Where the Wild Things Are is Too Dark For Kids

The much anticipated but troubled production of the 10-sentence Maurice Sendak children’s story Where the Wild Things Are is a movie which like its story, throws logic out the window. Imaginary adventures and imaginary creatures are the excuse for what is a complete logical and narrative mess of a film.

Given that the book contains only 10 sentences, director Jonze would surely be automatically be given carte blanche to interpret the tale in his own way. No doubt, his film adaptation is darker, but only because adults can hardly follow his line of reasoning.

Max (Max Records from The Brothers Bloom) is a lonely kid. He is sent crying to his room after his built igloo is smashed by his sister’s friends. When his mother (Catherine Keener) ignores him when her boyfriend (Mark Ruffalo) visits, be bites her (I would bite my mother too if she brough a boyfriend home and not serve me dinner) and takes off on a boat to an island where monsters crown him king.

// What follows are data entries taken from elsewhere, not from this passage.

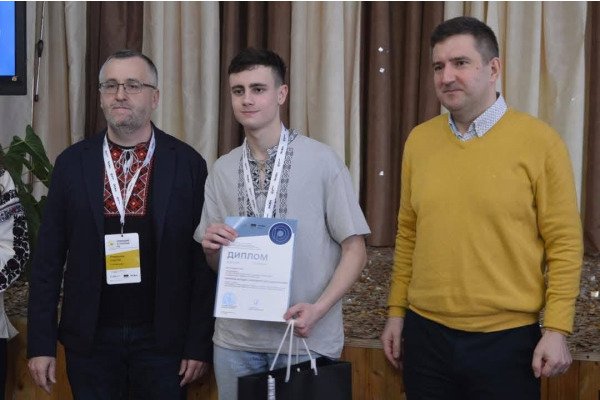 Ірпінський ліцеїст виборов Диплом ІІ ступеня на Всеукраїнській олімпіаді з української мови та літератури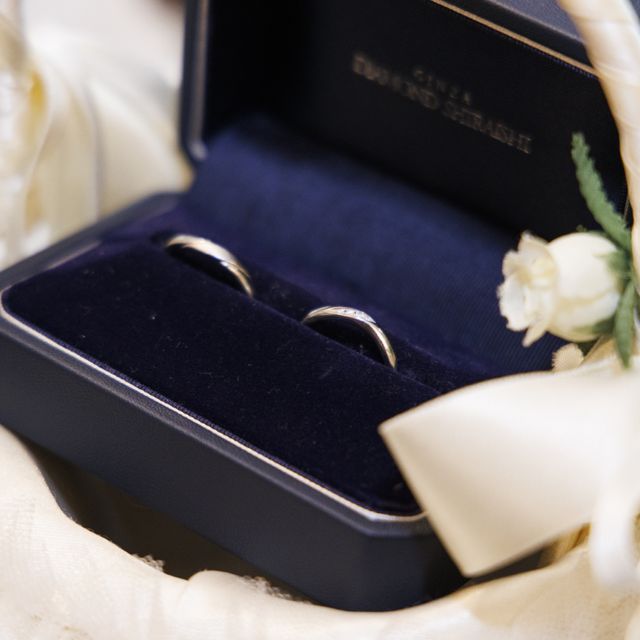 【銀座ダイヤモンドシライシの口コミ】 男性用の結婚指輪だったので、最初はあまり色々なデザインもないのではと…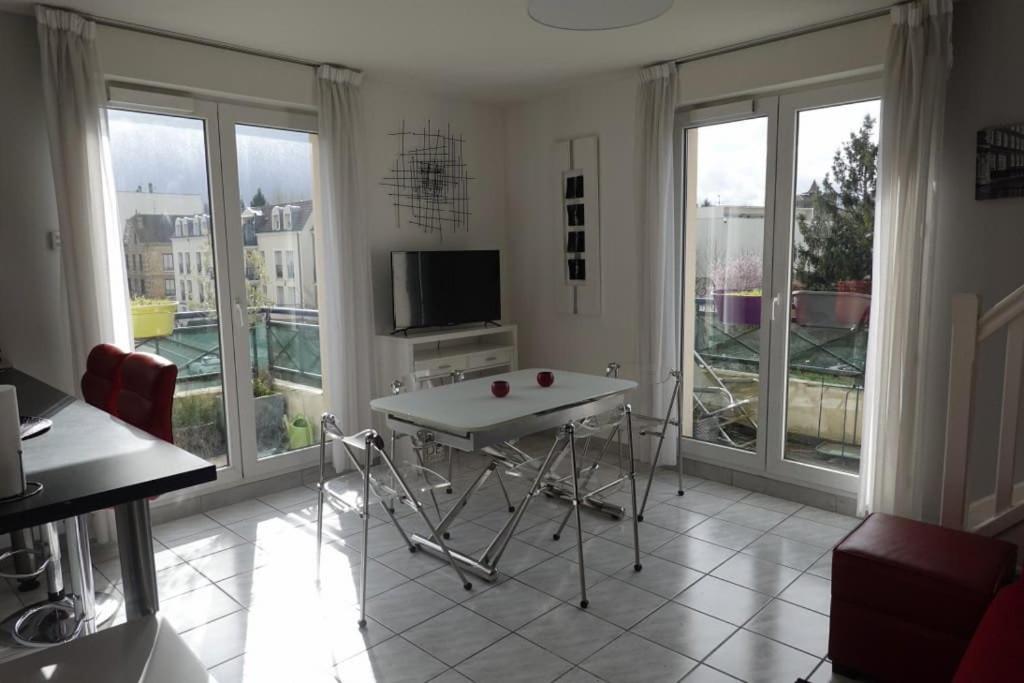 Duplex Art Place, Olympics 2024 Les Clayes-Sous-Bois Ngoại thất bức ảnh
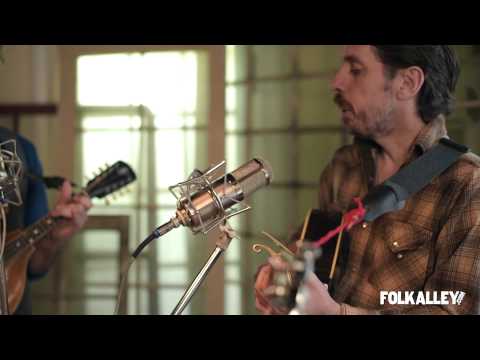 Folk Alley Sessions: The Murphy Beds  - "Young Emily"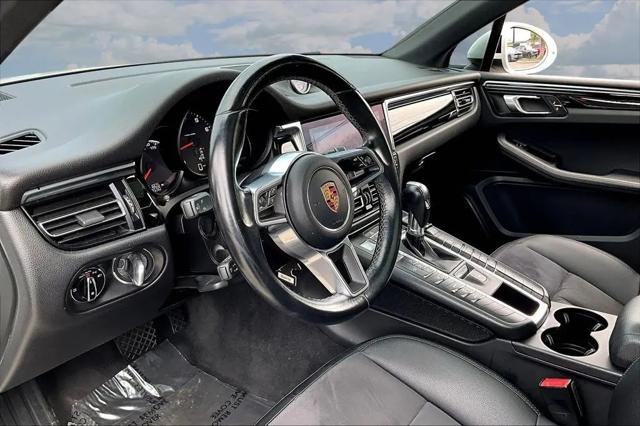 2020 Porsche Macan Macan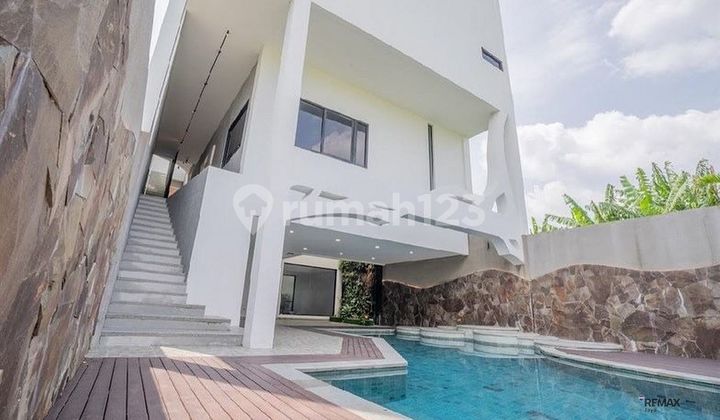 Villa Mewah 4 Lt Disewakan Jangka Panjang 30 Th, Denpasar Timur Area Villa Mewah 4 Lt Disewakan Jangka Panjang 30 Th, Denpasar Timur Area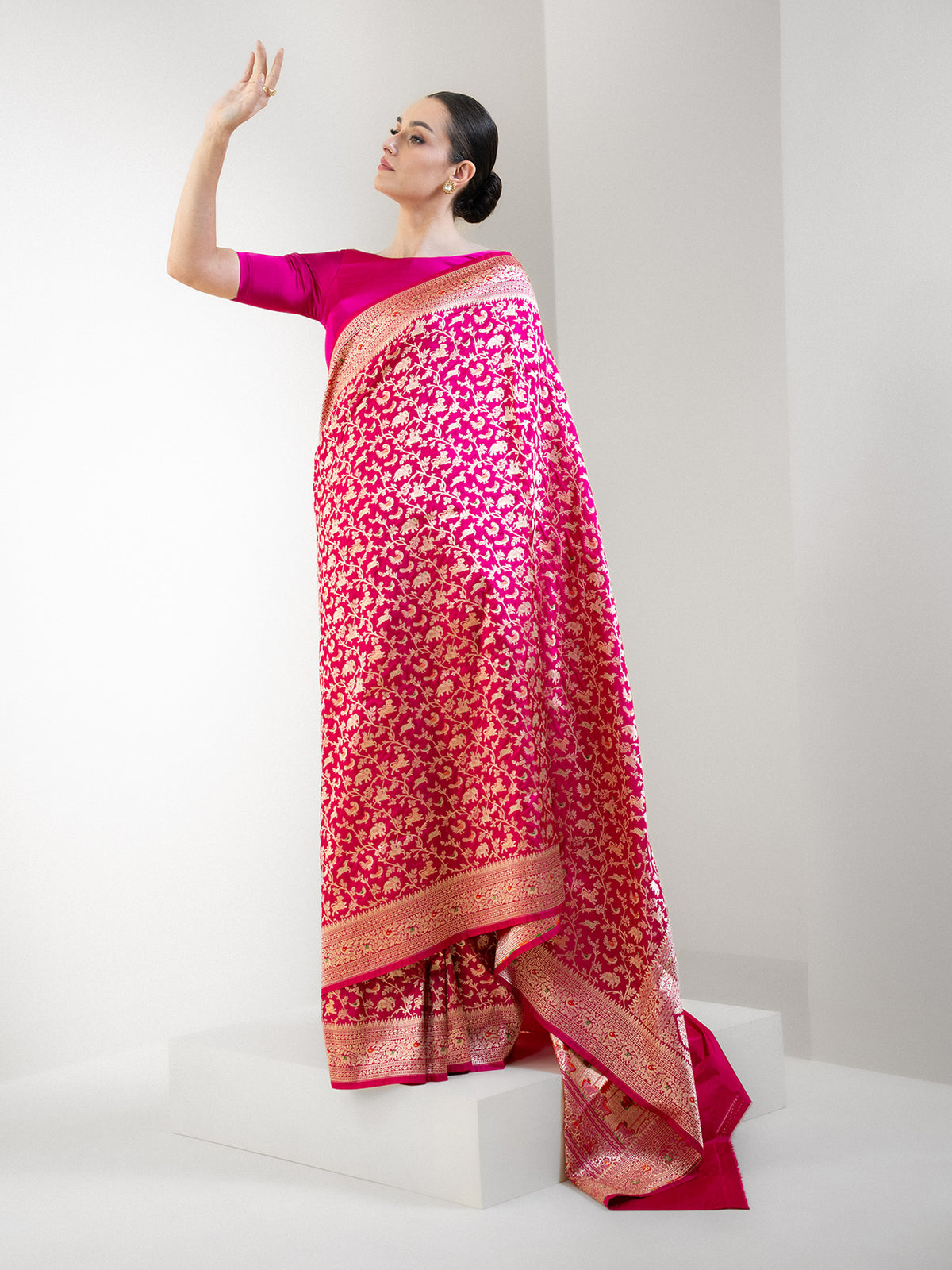 Pink Red Shikargah Katan Silk Handloom Banarasi Saree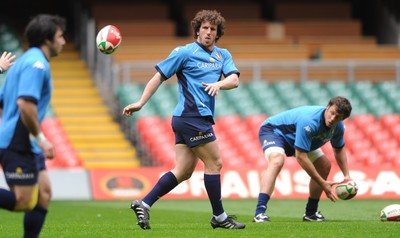 19.03.10 - Italy Rugby Training - Mauro Bergamasco during training. 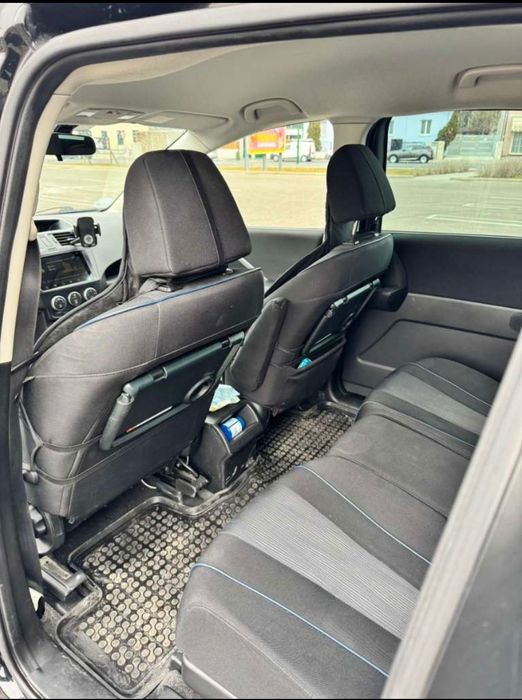 Mazda 5 2011, 7 locuri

Jonze makes no effort to connect one segment to another. The igloo scene is set in winter. The next scene has all the snow gone and Max running off with some silly animal suit on. And where did the sea come from? Is Max staying in a coastal town? Oh – I must have forgotten that all this is supposedly imaginary. But when does the imagination start? Or end? The handheld camera and annoying music combines to make Where the Wild Things Are look like a patch work which understandably, studios will not want to touch and people may not watch even for free online.

When Max finally meets the monsters, the film really goes downhill. The live action, animations, CGI and other special effects can hardly help at this point. The dust-ball fight that Max and the monsters engage in for no reason is supposedly the high point of the movie. When will it end?

Thankfully, Max suddenly sails home, mother hugs him and all ends well only because he has had some monster adventures. Ugh!